Jon Sumroy: I now know that they weren’t. At the time, because I didn’t really know...I only knew about car seats as a parent. At the time, we had three little boys. They were always in and out of other people’s cars. A lot of the time, they just didn’t have a car seat. I didn’t really set out to invent anything. I just wondered why didn’t anybody make something that was small enough for them to carry with them; it would always be available.

Tech Briefs: You can’t expect the grandparents to have three full-sized seats to take the grandkids wherever they’re going.

Sumroy: Grandparents don’t like the back of the car cluttered for the whole week when they only see them on the weekends. Grandparents have become a lovely market for us. I think it was a surprise. Again, if I go back to those days; it’s nearly 20 years ago. This is what’s amazing with the passage of time. I lived in the US from 2000 to 2002; now we’re in 2020. My parents would come and visit from England, and they’d have a rental car. Again, sometimes we’d juggle the seats from car to car. And other times not. The seed of the idea came all those years ago.

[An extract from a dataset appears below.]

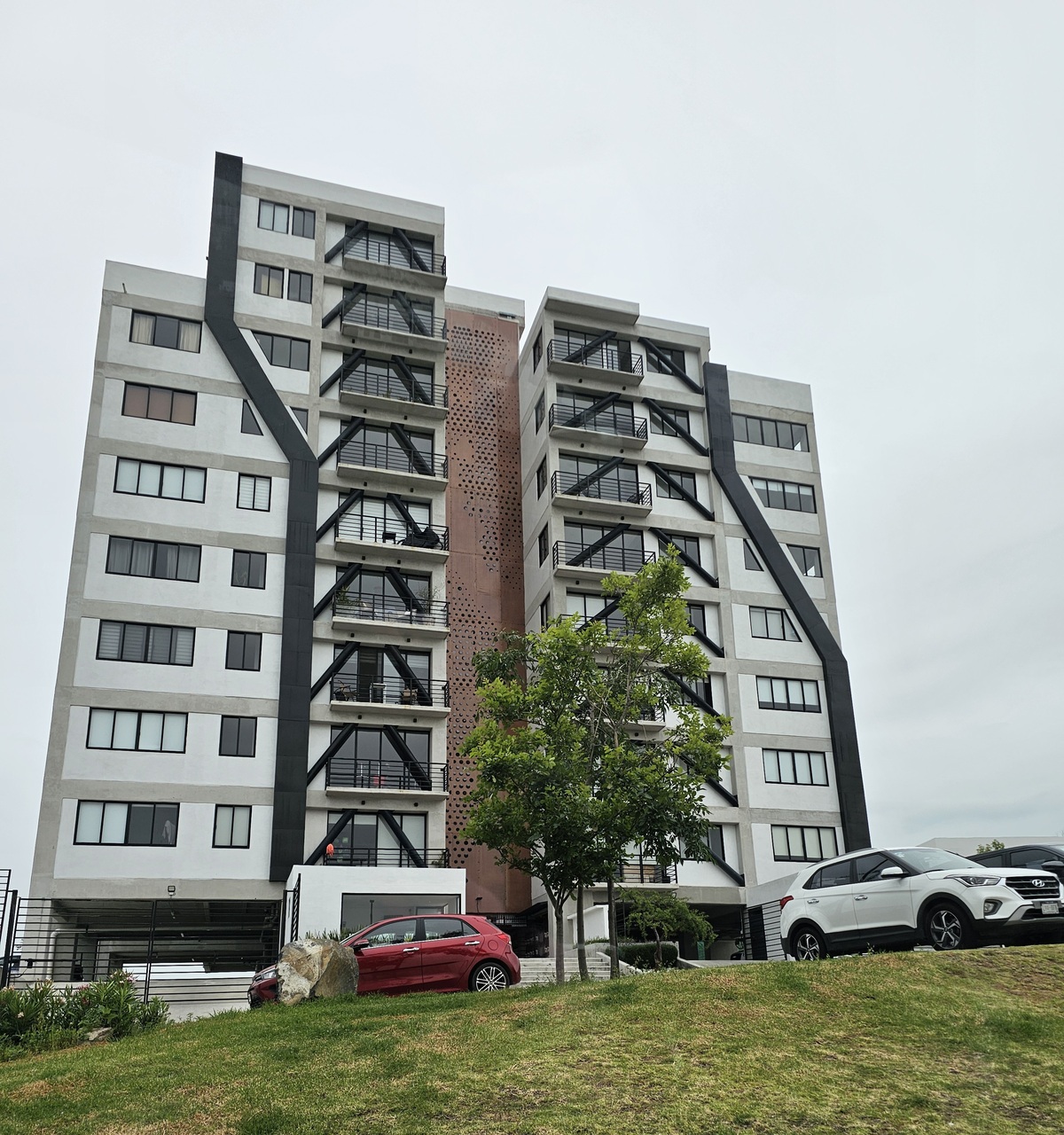 1 de 20: FACHADA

That was when I actually had an idea of how could you do it differently? Why do these things need to be big? They need to be big because traditional booster seats position the child. It makes the child’s hips and shoulders be where an adult’s would be so the seatbelt fits. I must have said this a million times now in the last few years. Instead of lifting the child up to fit the seatbelt, can you hold the seatbelt down to fit the child? I had this picture in my mind of a flat mat, a way of holding the seatbelt by the sides. Really nothing then happened for more than a decade. This thing kind of was filed away I suppose in the back of my mind.

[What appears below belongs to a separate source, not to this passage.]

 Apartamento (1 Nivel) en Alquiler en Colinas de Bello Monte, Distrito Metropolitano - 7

In 2012, there was some research published that said half of kids in America don’t have a car seat when they’re carpooling. I thought 10 years after I had this idea, no one had done anything; maybe there was something in that. I started playing as a hobby.

Tech Briefs: Had you done any other kind of inventing or engineering?

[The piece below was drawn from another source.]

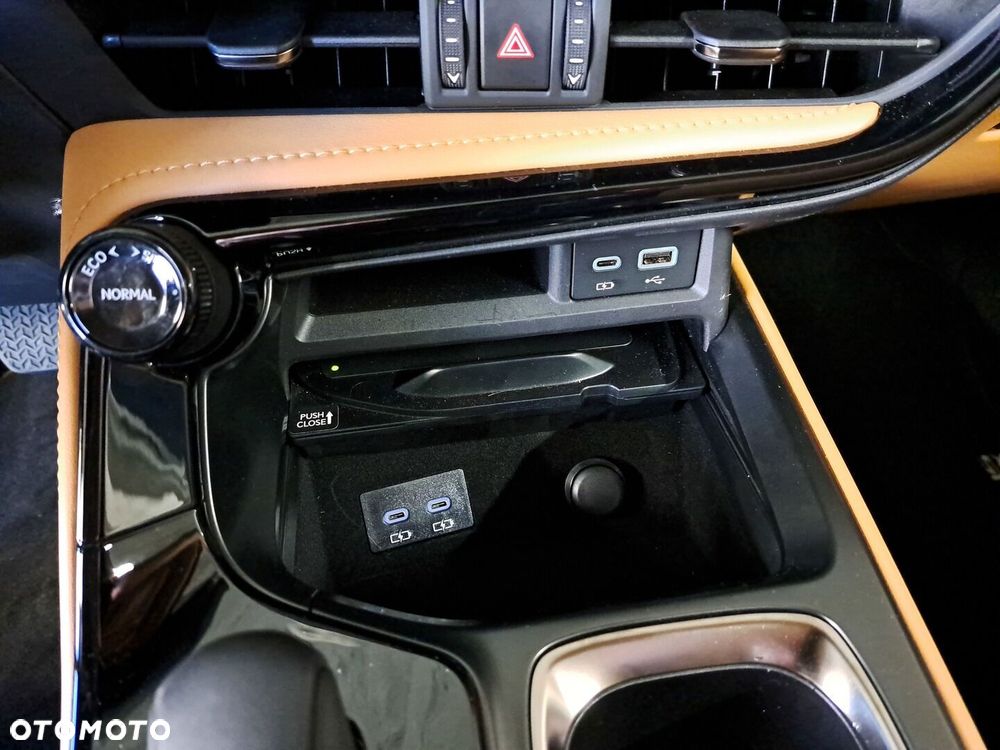 Lexus NX 2025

Sumroy: I’m a consumer marketer. Most of my career to that point I’d spent in big multi-national companies doing consumer products. I worked for Unilever for many years doing male toiletries. No, I’d never had real experience at all in what I would have to do. First of all, I came up with an idea. But then design and engineering; we do a lot of work with material scientists and obviously regulatory affairs for car seats is important. I knew nothing about these things. If I think back now, what I did learn from my career up until that point was you have to get things done. I was kind of a general manager of businesses. I knew how to ask the right questions, find the right people. That’s all I really did. It’s only a small little example.

When I started playing with this and I was making a homemade prototype, I asked a friend who wrote patents. I asked him if I could do something with this. Together, we wrote this provisional patent, which I filed sometime in 2012. But then I said to him, do you know any industrial designers? He gave me business cards from a conference he went to. I met a few of them and I really clicked with one. It’s the guy who I’m still very close to and in touch with who designed mifold. But what’s interesting was, I got into the process with him and I’m saying, do you know any mechanical engineers. He said I’ve worked with these guys. When we came up with challenges, we needed an expert in plastic polymers, and it’s kind of this paper chain almost.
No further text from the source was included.